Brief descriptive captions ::
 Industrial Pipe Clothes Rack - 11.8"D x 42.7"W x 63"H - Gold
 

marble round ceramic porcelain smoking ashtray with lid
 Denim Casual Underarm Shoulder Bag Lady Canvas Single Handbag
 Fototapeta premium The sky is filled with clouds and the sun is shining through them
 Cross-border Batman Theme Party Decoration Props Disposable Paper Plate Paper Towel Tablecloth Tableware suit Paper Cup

---

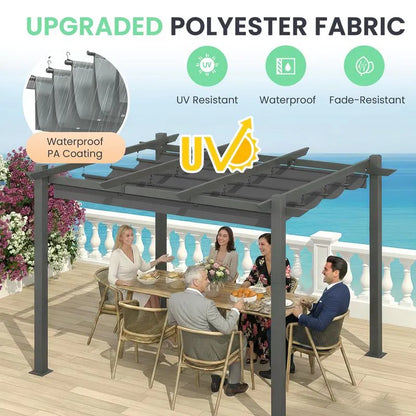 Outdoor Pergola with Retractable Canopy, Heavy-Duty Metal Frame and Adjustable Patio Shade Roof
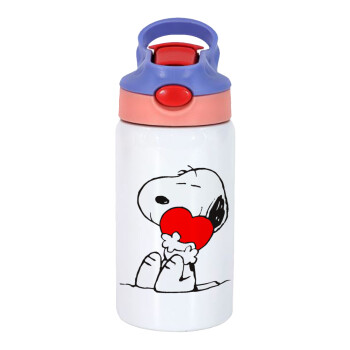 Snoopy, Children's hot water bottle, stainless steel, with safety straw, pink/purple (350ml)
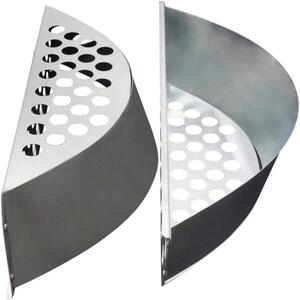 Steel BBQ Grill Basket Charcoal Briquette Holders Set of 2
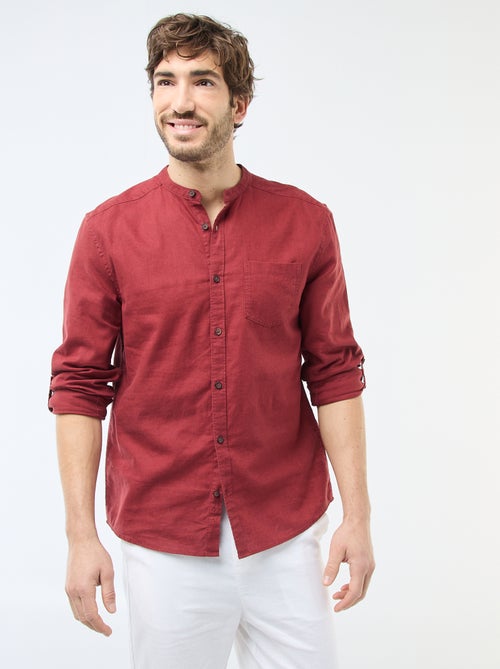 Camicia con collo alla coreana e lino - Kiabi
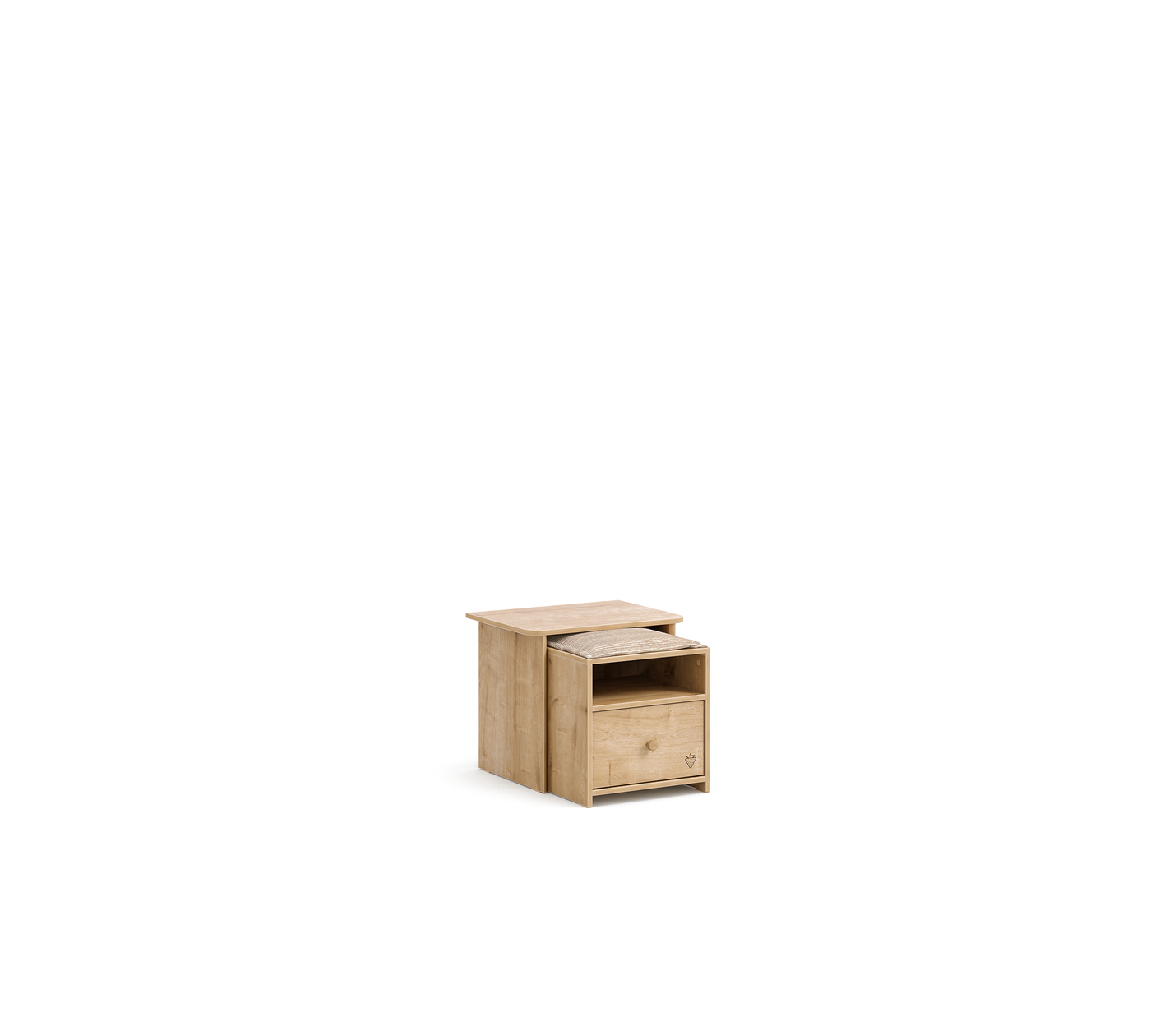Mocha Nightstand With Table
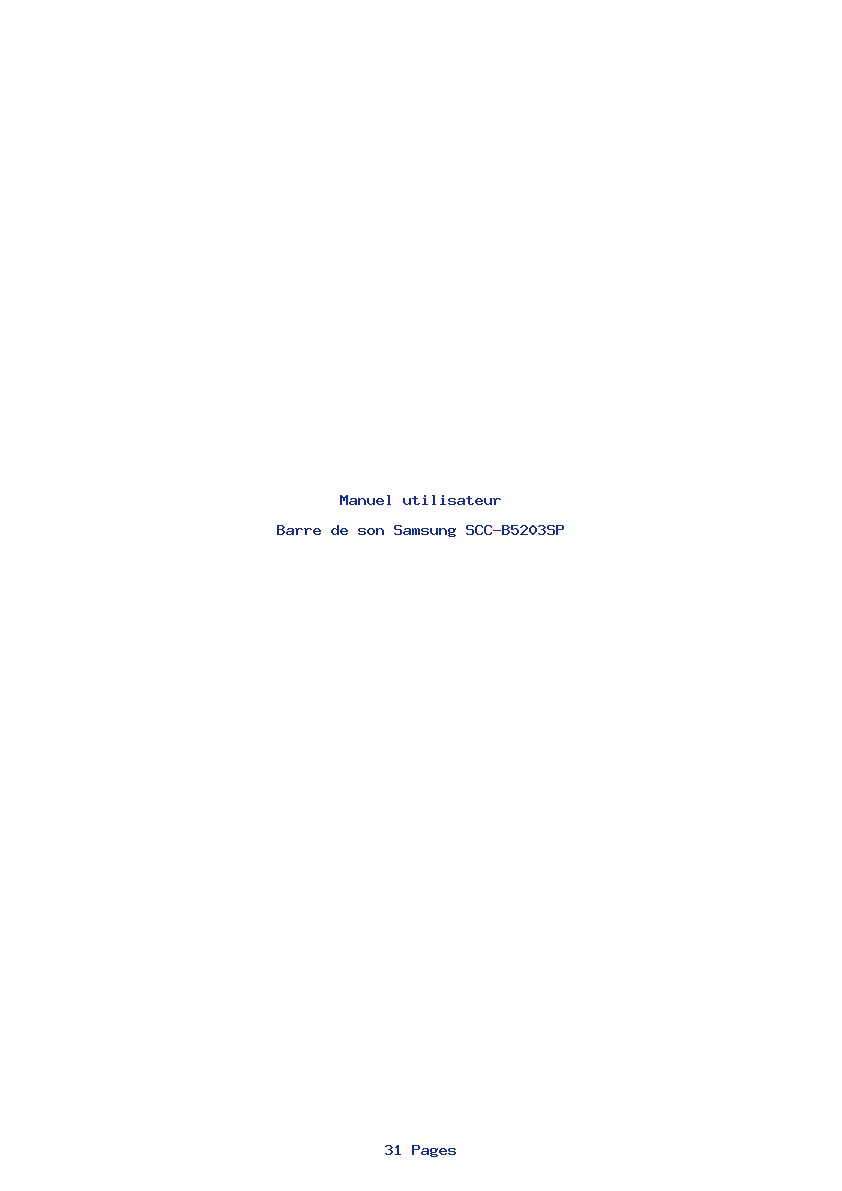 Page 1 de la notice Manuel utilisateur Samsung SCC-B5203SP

Problem to work on ::
Could you restate, word for word, the lines above from the one with "marble round ceramic" to the one with "Cross-border Batman Theme", both included?

Solution to the problem ::
marble round ceramic porcelain smoking ashtray with lid
 Denim Casual Underarm Shoulder Bag Lady Canvas Single Handbag
 Fototapeta premium The sky is filled with clouds and the sun is shining through them
 Cross-border Batman Theme Party Decoration Props Disposable Paper Plate Paper Towel Tablecloth Tableware suit Paper Cup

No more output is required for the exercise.